Published in: Technology
  • WONDERFUL JOB!.... STARTUPS...Send your pitchdeck to over 5700 of VC's and Angel's with just 1 click. Visit: Angelvisioninvestors.com
       Reply 
    Are you sure you want to  Yes  No
    Your message goes here
  • Hi All, We are planning to start new Salesforce Online batch on this week... If any one interested to attend the demo please register in our website... For this batch we are also provide everyday recorded sessions with Materials. For more information feel free to contact us : siva@keylabstraining.com. For Course Content and Recorded Demo Click Here : http://www.keylabstraining.com/salesforce-online-training-hyderabad-bangalore
       Reply 
    Are you sure you want to  Yes  No
    Your message goes here

Gluecon Monitoring Microservices and Containers: A Challenge

  1. 1. Monitoring Microservices & Containers: A Challenge Adrian Cockcroft @adrianco Technology Fellow - Battery Ventures May 2015
  2. 2. Monitoring ! Update of my monitoring rules from Monitorama 2014
  3. 3. Rule #1: Spend more time working on code that analyzes the meaning of metrics, than code that collects, moves, stores and displays metrics.
  4. 4. Rule #2: Metric to display latency needs to be less than human attention span (~10s)
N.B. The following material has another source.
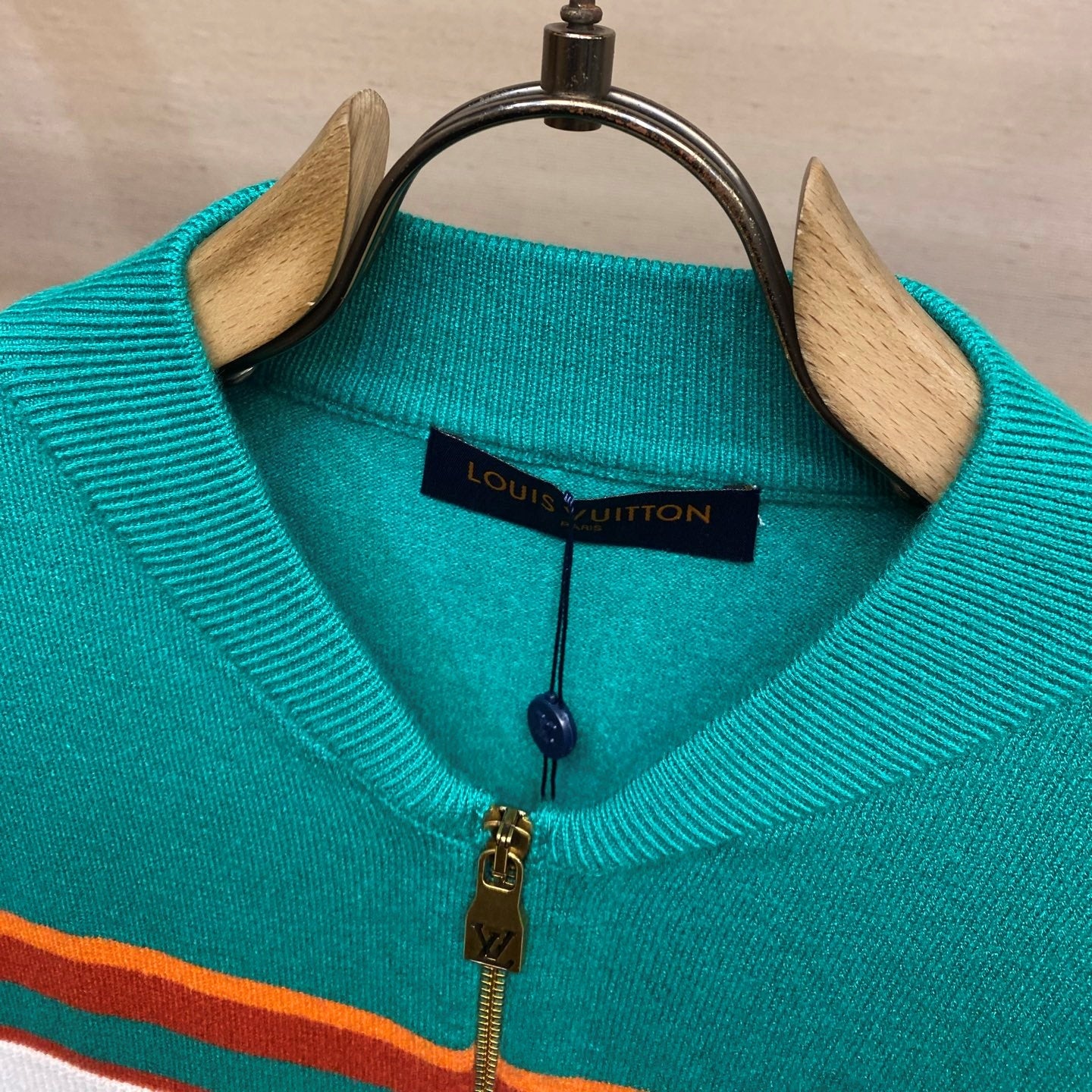 레트로 스포티 니트집업 (Retro sporty knit zip-up)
  5. 5. Rule #3: Validate that your measurement system has enough accuracy and precision. Collect histograms of response time.
  6. 6. Rule #4: Monitoring systems need to be more available and scalable than the systems being monitored.
  7. 7. Rule #5: Optimize for distributed, ephemeral, cloud native, containerized microservices.
  8. 8. Rule #6: Fit metrics to models to understand relationships. (New rule)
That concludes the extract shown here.